WORDS BY HEATHER MCCONNELL BROWN
With the end of summer upon us, I started thinking about why this season means so much to everyone. Of course, for some of us…me included, summer is a time off from school, a time to recharge and renew. But I believe summer is even more special because of the influence it brings throughout the rest of the year.
Henry Thoreau once said, “One must maintain a little bit of summer, even in the middle of winter.”
Summer is a burst of color, everything is alive and blooming and ready for harvest. One of my favorite things about summer is fresh produce. A quick stop by the roadside market at a farm near me is both aesthetically pleasing to my senses as well my taste buds. Every color of the rainbow can easily be found and the tastes are just as numerous and unique. Around this time every year, I find myself trying to seize the day and cling on to the last little bit of summer. If only we could bottle the extended daylight, the lightning bugs, the hydrangeas but most of all summer’s produce.
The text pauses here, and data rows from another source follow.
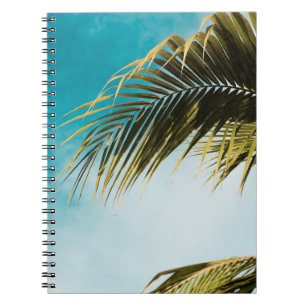 Groene palmboom onder blauwe hemel notitieboek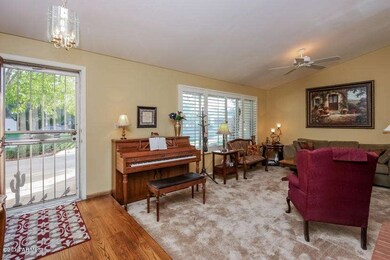 005-Living_Room-1333066-mls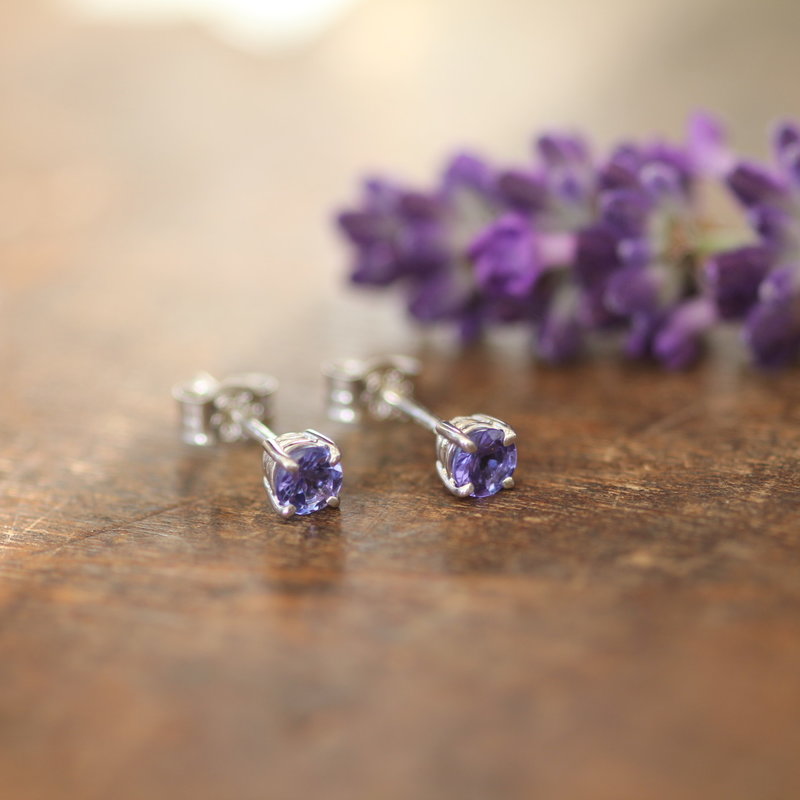 OCEANIA Tanzanite White Gold Stud Earrings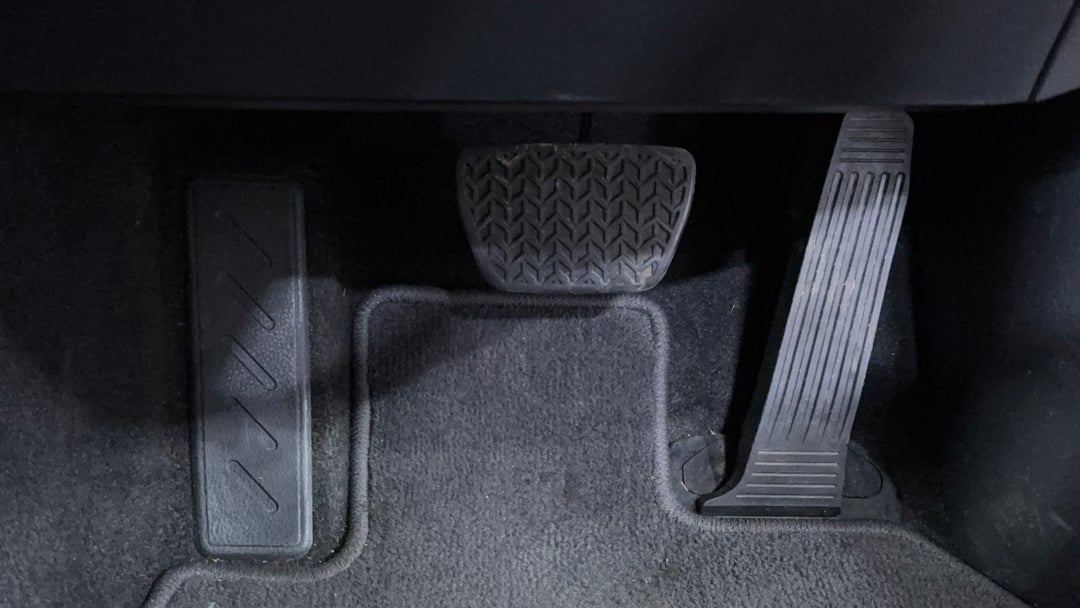 2023 Toyota Camry Ascent, Automatic, 51492 km, Pedals and Footmat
Growing up in the South, my family would always have a huge garden and can. Let me explain, I grew up calling it “canning” or to “can”. Other parts of the country, further North and across the pond, they often refer to this process as preserving, curing, infusing or processing. It’s the same thing…trust me, but for the sake of this article, I am using what I grew up calling it..”canning”. But first let me explain, when I say can…I don’t mean one or two pint jars. I’m talking cases and cases of green beans, tomatoes, jams, pickles and enough bags of corn that one could make a highway to the beach.
Today not many people can. The loss of this art makes me sad. Technology and industrialization have altered the landscape of how we bring food to our table. But during the summer months, I love nothing better than planning our meals around harvest schedules and the colorful bounty of food offered at local markets. Don’t get me wrong, I am happy that canning is not a necessity and an ample supply of food can be found year round with a quick drive to the nearest grocery store.
What I miss is the time spent on the porches, the kitchens and in the garden. There isn’t an app for this…there isn’t anything quick about preserving foods. Maybe this is why people today don’t “can” as much anymore. Canning to me is more than just tradition and what it represents to my southern roots. Canning today is more like a hobby. People can for pleasure and to spend time with their family. The rewards are plentiful. To me opening a jar of jelly on a snowy day in January, allows me to taste a little bit of summer. It’s more of a promise, of what will come in a few months.
It’s not too late for you to preserve summer, too. Stop by our local farmers market and I’m sure you can easily spot some mason jars filled to the brim with summer. This fall you will also find these jewels at your local fairs. Try some of them – be brave, try something pickled. I have always thought of these Mason jars as beautiful reminders of summer – traditions, memories, and flavors..just think of it as love or in this case, “summer in a jar.”